Coincidentally – if there is such a thing as a ‘coincidence’ - on the very day I wrote this review I watched two YouTube videos where the protagonists, from childhood, had been dissatisfied with their circumstances and wanted to find their place in the wider world. The first was the singer/songwriter, Joni Mitchell. She grew up in a small town on the bleak Canadian prairies. She escaped – but only by getting pregnant and running away to hide her shame. Yet it led to her development as an artist and the documentary was beautifully crafted, revealing her struggle with the ‘alone time’ needed for her art and also for her desire to be loved and to love. Then I watched a documentary about the physicist, David Bohm. He had grown up in the back-blocks of Pennsylvania, a coal mining area, where his father ran a small business. From an early age he gazed at the stars and speculated about the universe. But he too had to get away – to get away from his father’s expectations that he would into the business. Being a physicist was not considered quite the same thing. Jack Muir exemplifies this deeply held desire to find meaning and purpose – and to turn one’s back on both upbringing and locality – a kind of fumbling and bumbling path into the wider world that you know will offer its fair share of disappointment and heartache but at the same time represents an invitation to find out who you really are and what you can contribute while you are here on Earth.
I found the book got more powerful as it progressed. Sometimes the political discourses struck me as a bit naïve – but that was the idealistic, romantic socialist that Jack acknowledges. I guess you often want the characters in the book to turn out the same values as you have – and the same conclusions about life. But they’re not designed to do that and you can’t argue with an author for not fitting them into your mould.
It’s an easy read. The narrative, although it skips around in time, is coherent – and the dialogue is pretty straightforward. Jack’s internal life is crucial to the book and I kept hoping the author would plough deeper into that fertile field. There is so much rich material around the way we come out of a family, with all our expectations and the expectations of others – and how we find our place in the world, navigating new relationships and finding a productive and satisfying way of living. For some, this seems to come comparatively easily although I would surmise such folk are in the minority. Even for privileged baby boomers there have been challenges – and, in some cases, tragedies. How we have met these challenges has formed us, and how we have evolved and grown in our understanding is something Jack Muir would be interested in but did not really articulate in any detail.
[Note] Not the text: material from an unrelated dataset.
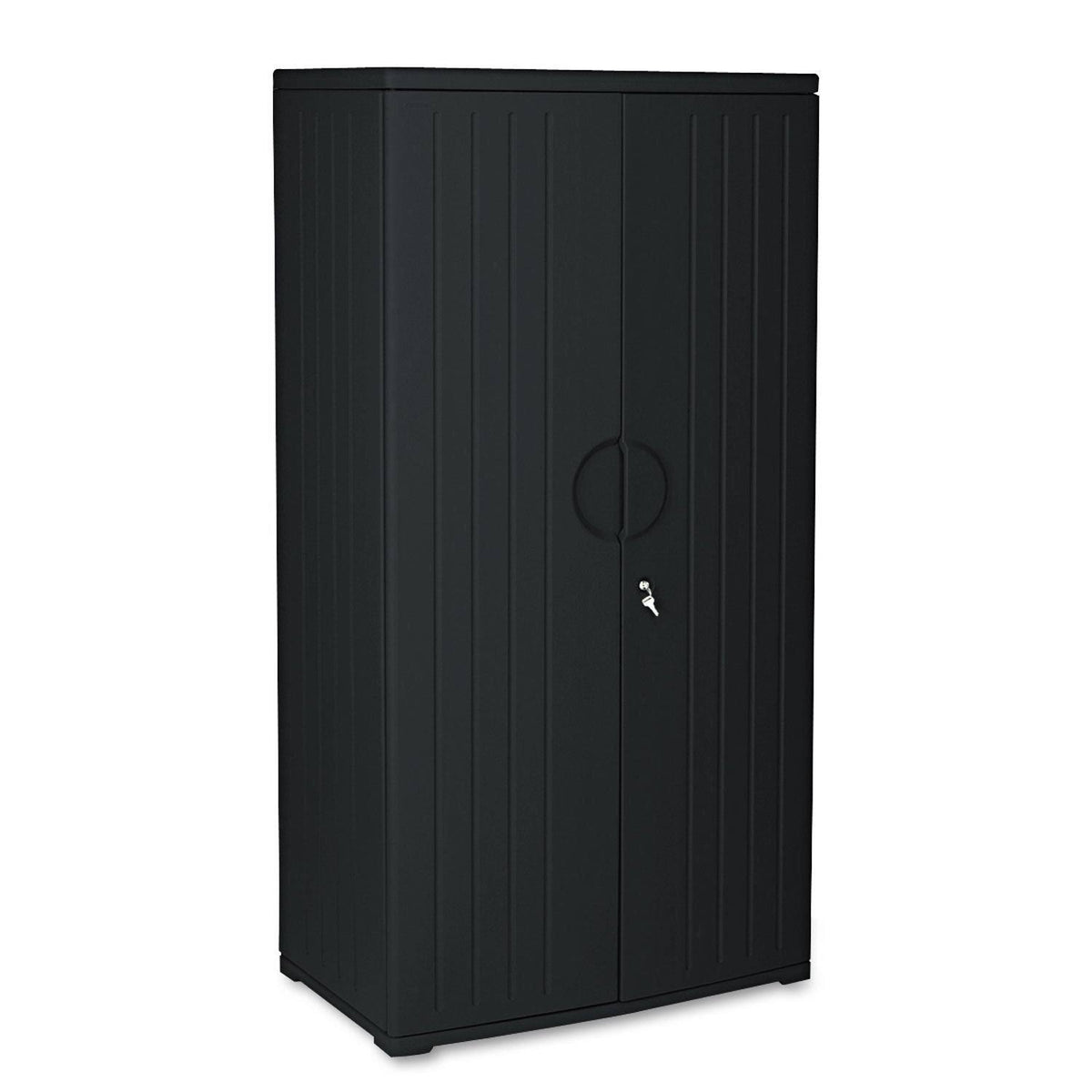 72 inch Storage Cabinet, Platinum D357154
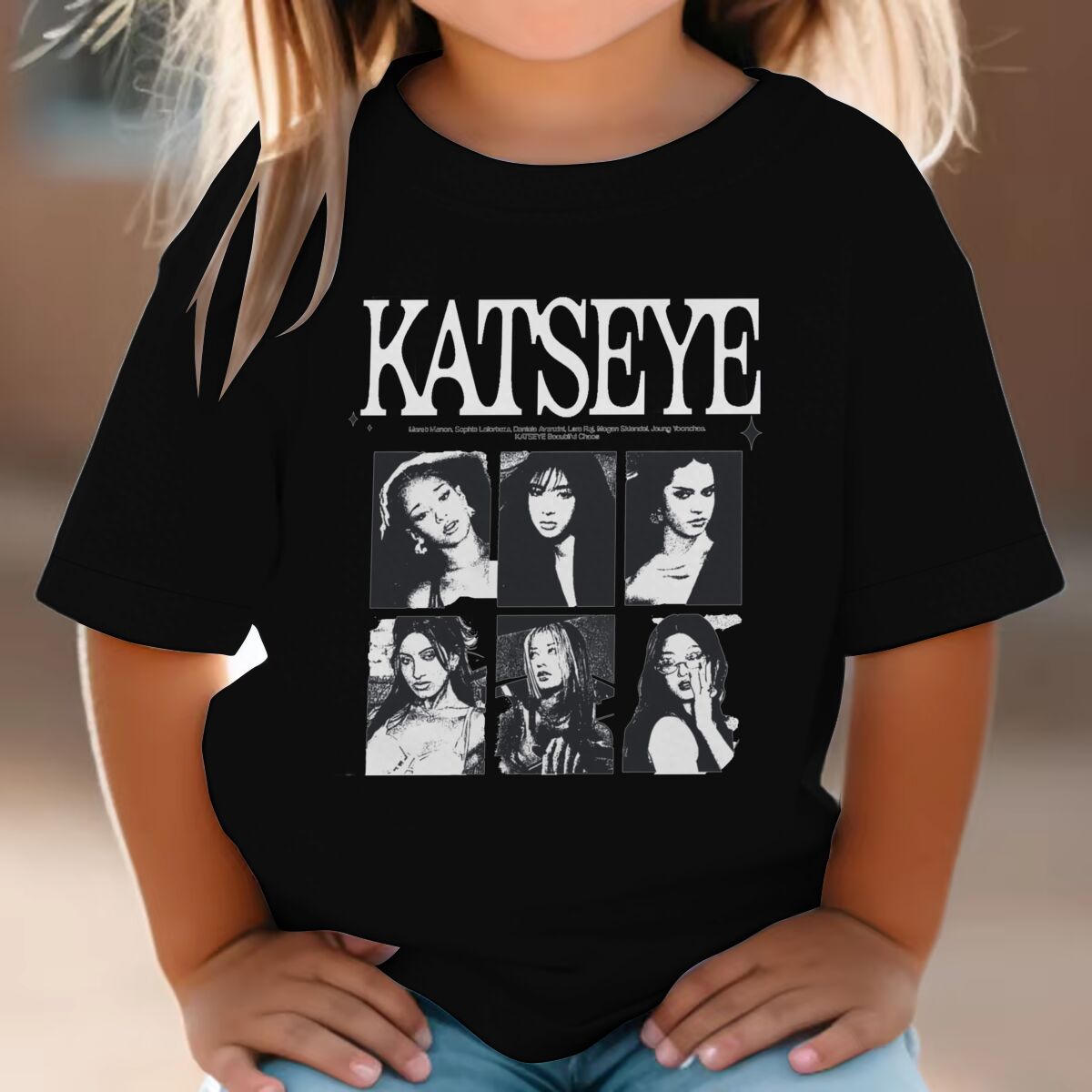 KATSEYE Print Summer Tops Girl - đánh giá và giá Baby Clothing For Summer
Is there any place for hope? Are we just a minuscule part of a tiny speck, a brief spark in the unfolding universe, destined to be birthed, to die, and be forgotten? Or is there some greater purpose with which we can wrestle as individuals and share collectively? Quasi-autobiographical books such as Return Ticket provide an opportunity for an author to delve into these realms and although Jon Doust makes it clear he is not Jack Muir, I’ll wager there is enough in Jack’s reflections and conclusions that Jon will find aligned with his own.